# Issue in trying to use a 322 receiver and 500 Dish at camp



## mpilihp (Sep 29, 2014)

So my effort to use a HD dish failed so I bought a 500 dish identical to the one I have at home. Brought it and my 322 dish (second in system) to camp and installed. We got it aligned and got signal, 54 on the meter was the best I could get. When I did the switch test it passed all three steps and looked good.

The receiver then downloaded the program guide and then came up with the error something like this "Your card is not subscribed to this channel.... I can go to the channel guide and can see all the channels but they are listed in green and when I click on it we cannot view it.

So I took the receiver home and hooked it back up the same as it was before and fired it up. I get the same error that THe card is not subscribed to this channel.....


SO I called DIsh and spend an hour on the phone doing different things and they say there is a technical issue with the dish or cabling and want to send a tech. My primary receiver works find so I dont think its the dish at my house and I dont think its the cabling..

Any suggestions on what is wrong?

Thank YOu

~ Phil


----------



## James Long (Apr 17, 2003)

Green is a color DISH uses for unsubscribed channels that can be instant ordered. If everything is working one should be able to click on one of the green channels and be taken to the customer service app on the receiver where one will be given the opportunity to subscribe to the channels.

When you log in to MyDISH online does your 322 show up? Is it connected to a phone line?


----------



## mpilihp (Sep 29, 2014)

Hi so when I click on one of the green channels it does as you said and tries to call customer support. We do not have a land line so the box cannot make a call, we only have cell phones, the boxes have never been connected to a phone line. 

When I log into MyDish my 322 does show up and the customer rep I spoke to saw it and said it should be fine. I have to think its an issue with the 322 receiver or the smart card.

THanks ~ Phil


----------



## RBA (Apr 14, 2013)

Is this 322 new to you or has it been working on your account? Have you recently run a check switch? Is it up to date on software?


----------



## mpilihp (Sep 29, 2014)

RBA said:


> Is this 322 new to you or has it been working on your account? Have you recently run a check switch? Is it up to date on software?
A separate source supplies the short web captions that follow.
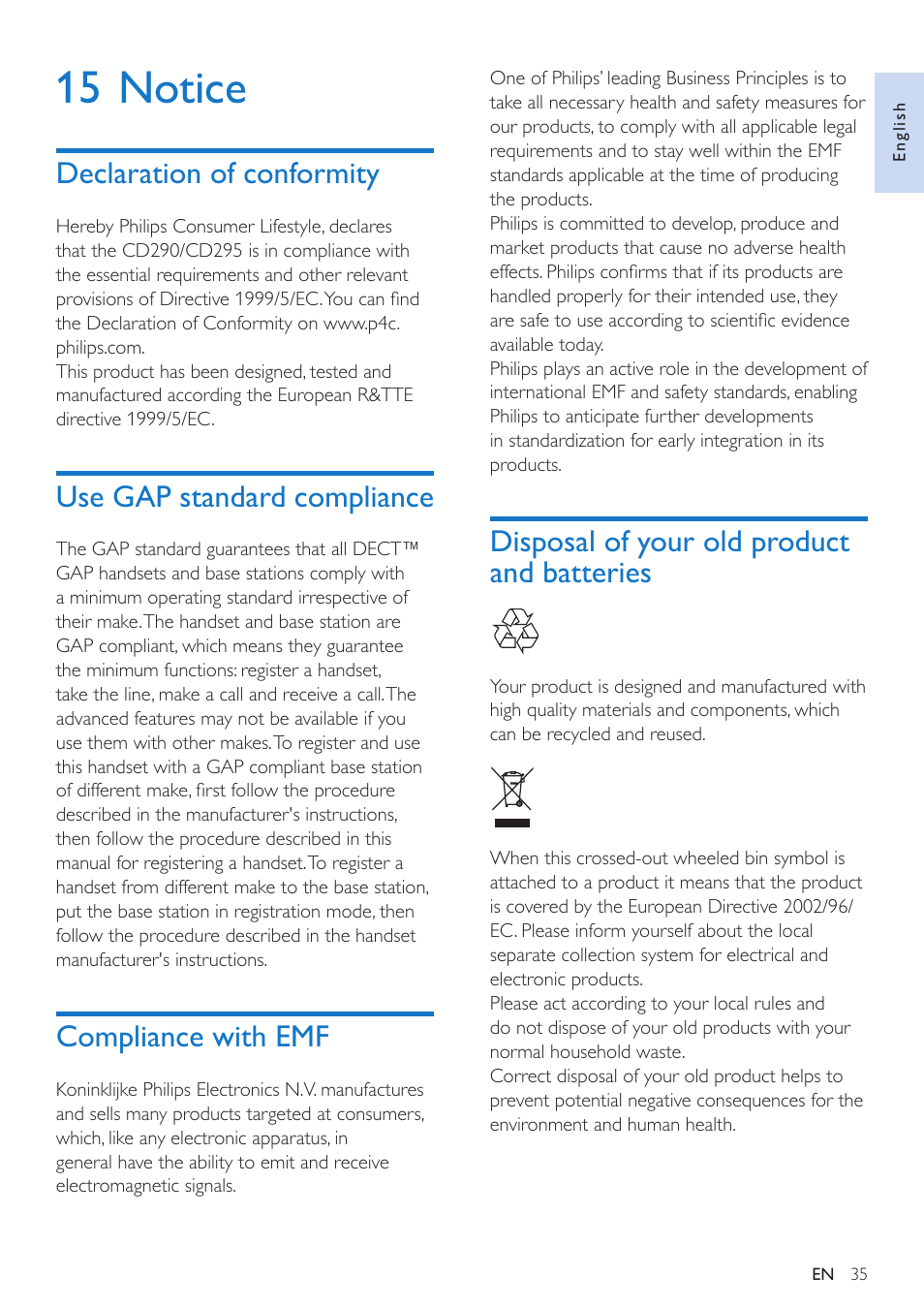 15 notice, Declaration of conformity, Use gap standard compliance | Compliance with emf, Disposal of your old product and batteries, Disposal of your old product and, Batteries | Philips CD295 User Manual | Page 37 / 44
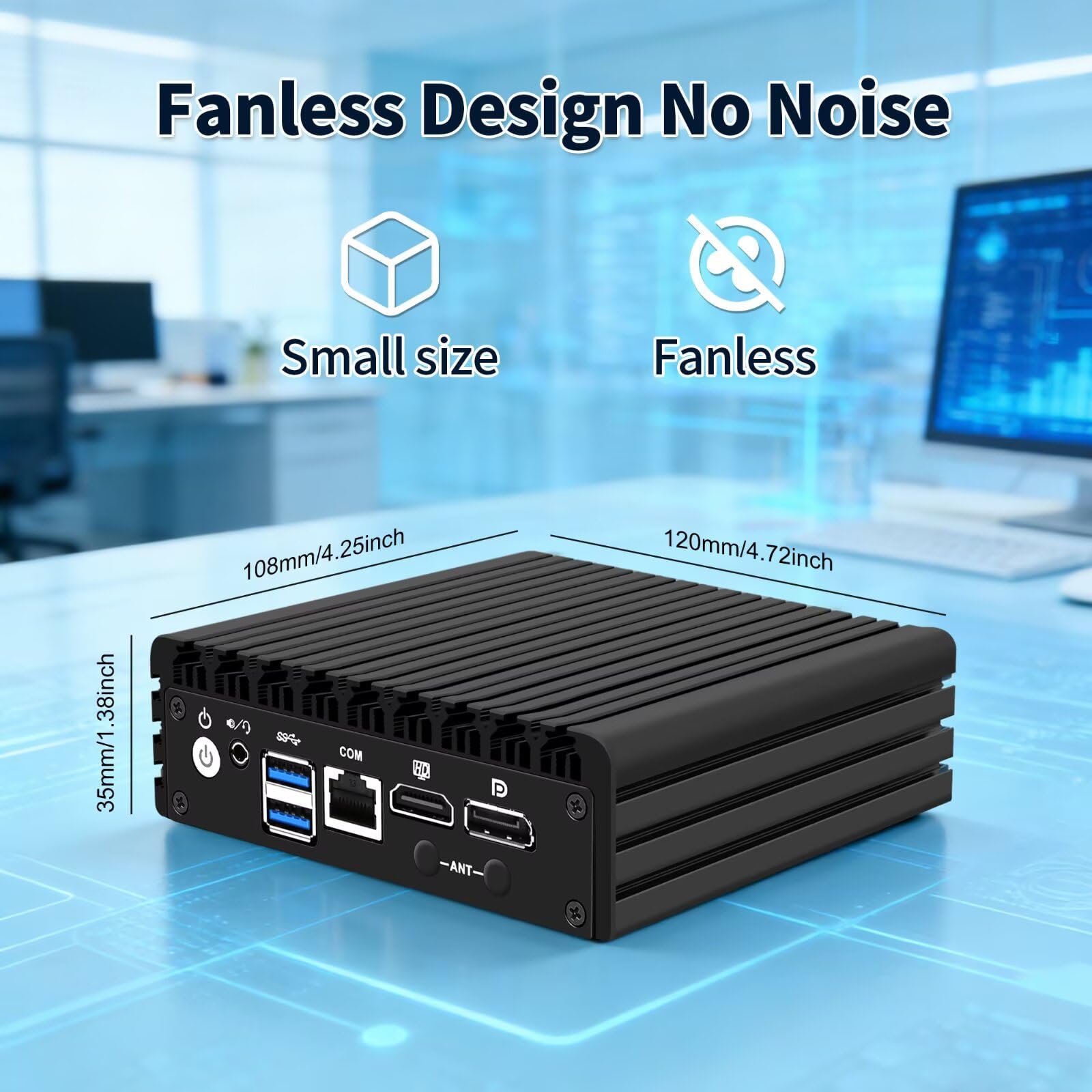 Glovary Firewall Mini PC J3710 Quad Core, 4 x i225V 2.5GbE LAN Fanless OPNsense Appliance, 8GB RAM 128GB SSD, F3 Micro Router Computer Hardware, AES-NI, HD+DP Dual Display, Console, 2USB3.0, SPK/MIC - 5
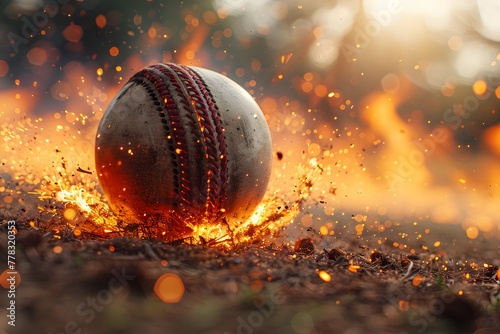 Cricket Ball Burning on Ground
Hi Ive had it as part of my system since we got it back in 2006. It worked find at home, I then brought it to came and tried several times to make it work. I am wondering if part of the issue is for weeks its been sitting unplugged/unconnected at camp.

When I brought it home to see what it does there, it is doing teh same thing, getting the SmartCard has no subscribtion to channels error.

~ Phil


----------



## JR_Baas (May 5, 2005)

Ask for a hit on the receiver. It will lose programming after sitting for a while. If the support person asks for a trouble code, give them 005.


----------



## jsk (Dec 27, 2006)

Also, you should change your service address and temporary deactivate all other receivers while you are at camp to keep everything legal.


----------



## mpilihp (Sep 29, 2014)

JR_Baas said:


> Ask for a hit on the receiver. It will lose programming after sitting for a while. If the support person asks for a trouble code, give them 005.


Thats what I think the customer rep did and I did tell them the 005 code. Thanks


----------



## mpilihp (Sep 29, 2014)

jsk said:


> Also, you should change your service address and temporary deactivate all other receivers while you are at camp to keep everything legal.


I know per the letter of the agreement this isnt correct but I know people do it when they go camping. I also have read in other posts that Dish Network appears to turn the eye to this as long as your not using a receiver in both locations at the same time. We only go up for weekends off and on so not worth the hassle to call every time..


----------



## mpilihp (Sep 29, 2014)

Update, so I called DN support again last night, got a different person and they did a ping to my box again and this time it took and it is working.

I asked a bunch of questions to see about saving some money and he indicated that the $8 a month cost for maint is not only for site visits but also to replace a broken reciever or remote, which reading other threads it sounded like they would replace the hardware if it died without this maint fee, IE the maint fee was for site visits and not hardware. 

Anyone have experience of not having the maint fee and getting their hardware replaced?

Thanks

~ Phil


----------



## RBA (Apr 14, 2013)

mpilihp said:


> Update, so I called DN support again last night, got a different person and they did a ping to my box again and this time it took and it is working.
> 
> I asked a bunch of questions to see about saving some money and he indicated that the $8 a month cost for maint is not only for site visits but also to replace a broken reciever or remote, which reading other threads it sounded like they would replace the hardware if it died without this maint fee, IE the maint fee was for site visits and not hardware.
> 
> ...


If you own the equipment it is your expense to repair it. If DISH owns the receiver and you lease it from DISH they will repair it/replace it, there may be shipping charges.


----------